In 1930 he joined the Nazi Party (member number 300,772) and, together with Fridolin Glass and Franz Holzweber founded the "German Soldiers' Association for the Registration of National Socialists in the Austrian Armed Forces". In 1933, while he was unemployed, he played a leading role in the formation of SS Standarte 89 (later SS-Standarte 89 "Holzweber"), which was created under the direct orders of Adolf Hitler to be a group of shock troops designed to create chaos on the streets of Austria.
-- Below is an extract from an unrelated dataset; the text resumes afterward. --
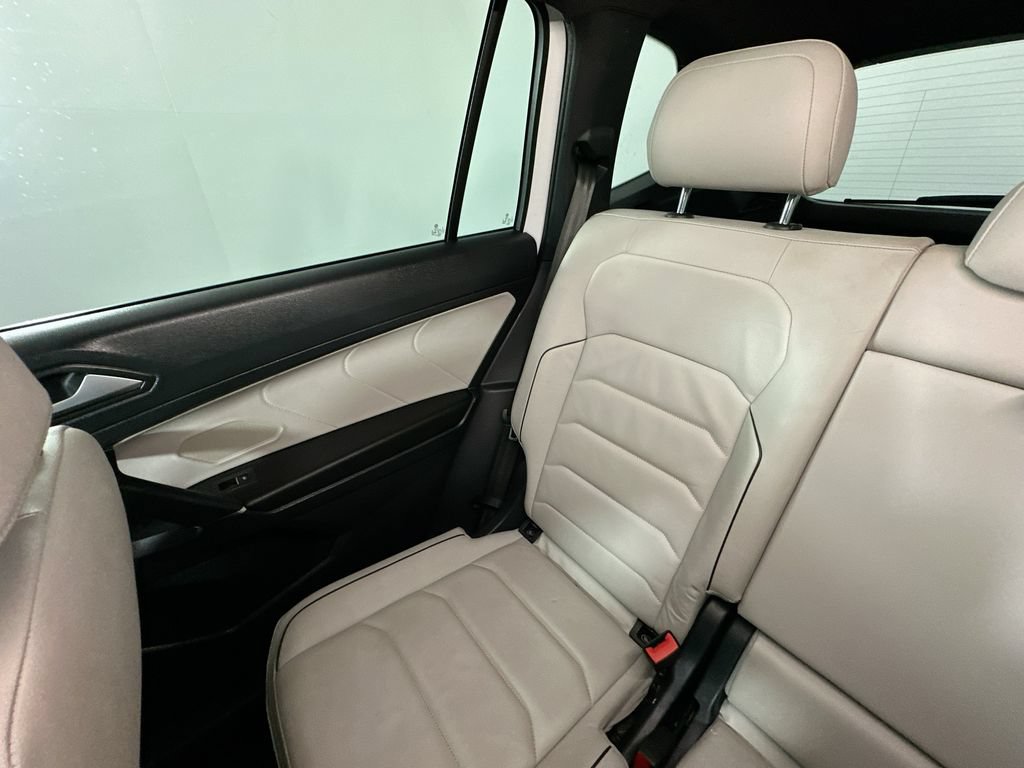 Used 2020 Volkswagen Tiguan SEL Premium R-Line AWD/4WD image 12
On July 25, 1934, at the beginning of the July Putsch, a failed coup attempt by Austrian Nazis, Planetta fired one of two fatal shots at Austrian Chancellor Engelbert Dollfuß. On July 31, a military tribunal sentenced him and his accomplice, Franz Holzweber, to death for murder and high treason. The two were hanged by the executioner Johann Lang in the Vienna Regional Court on July 31. On the court's instructions, Planetta was the second to be hanged. His last words were "Heil Hitler." Their bodies were not handed over to the relatives but instead cremated in the Simmering crematorium. Planetta's ashes were later buried in the Dornbach Cemetery (Group 13, Row 3, No. 33).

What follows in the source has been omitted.